For, About, Nearby: The value of diversity and difference in Fine Art practice, research and education.
“I do not intend to speak about just speak nearby ” Trin T. Minha
Hosted by University of The Arts London, UK
with The National Association of Fine Art Education
Conway Hall, London
Paradox conferences are developed by artist educators and provide an international forum for arts and educational practitioners, and their stakeholders, to meet and discuss education, teaching, practice and research.
The 2017 conference is a meeting that offers opportunity to exchange ideas, practices, provocations and research that relate to core themes around issues of diversity in the contemporary landscape of higher education fine art.
Diverse Knowledge Diverse Ethics Diverse Means Diverse Aesthetics
In simple terms, creativity is common. It is not a privilege neither an exclusive natural gift; this conference seeks to explore the challenge of inclusive education crossing territories of cultural production that are ever expanding in their reach and in their terms of reference.
Rather than argue for the preservation of what is or the recovery of what was, the conference aims to explore a range of views and perspectives that might influence and improving the democratic freedoms and inclusive rights of access to the means of cultural production for all in our society, or at least those who seek to engage with fine art as a discrete area of cultural contribution and experience.

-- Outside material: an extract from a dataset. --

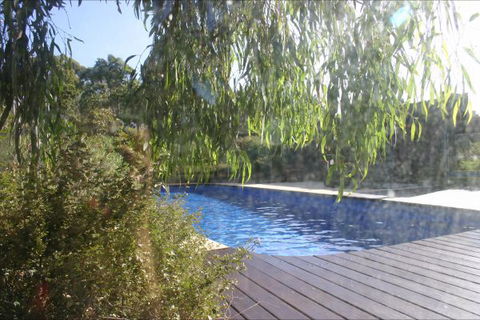 Arusha B&B Retreat - Tourism Caloundra 2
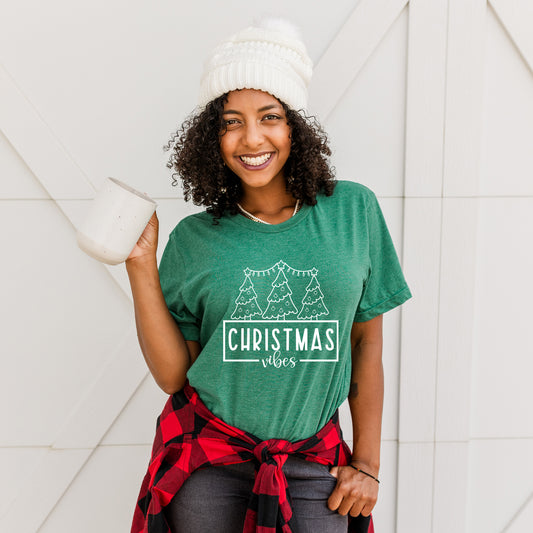 Christmas Vibes | Short Sleeve Graphic Tee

We have chosen to host this conference in London in 2017 precisely because of the risks and threats to Fine Art education in the wake of a dogged political climate of determinism and marketization that privileges the few, mostly on the basis of existing privilege. The location is an opportunity to reflect on change as well as prevailing issues of difference and diversity. Our European community of fine art practitioners and educators are subject to uncertain impacts from so called Brexit and the negotiation of new arrangements in the UKs relations with European nations and nationals. We do not know where the Trump presidency might lead our national consciousness and our appreciation of transnational and global communities of interest. We have recent and repeated experience of confused and confusing policy initiatives that seek to mold the role of the state as ideologue in the design of statutory education and of emergent education industries. The UK is experiencing increasing division and segregation in our regional and national social communities based on access to educational resources and to cultural experience and this is exacerbated by continuing inequalities based on gender, ethnicity, religion, sexuality and class.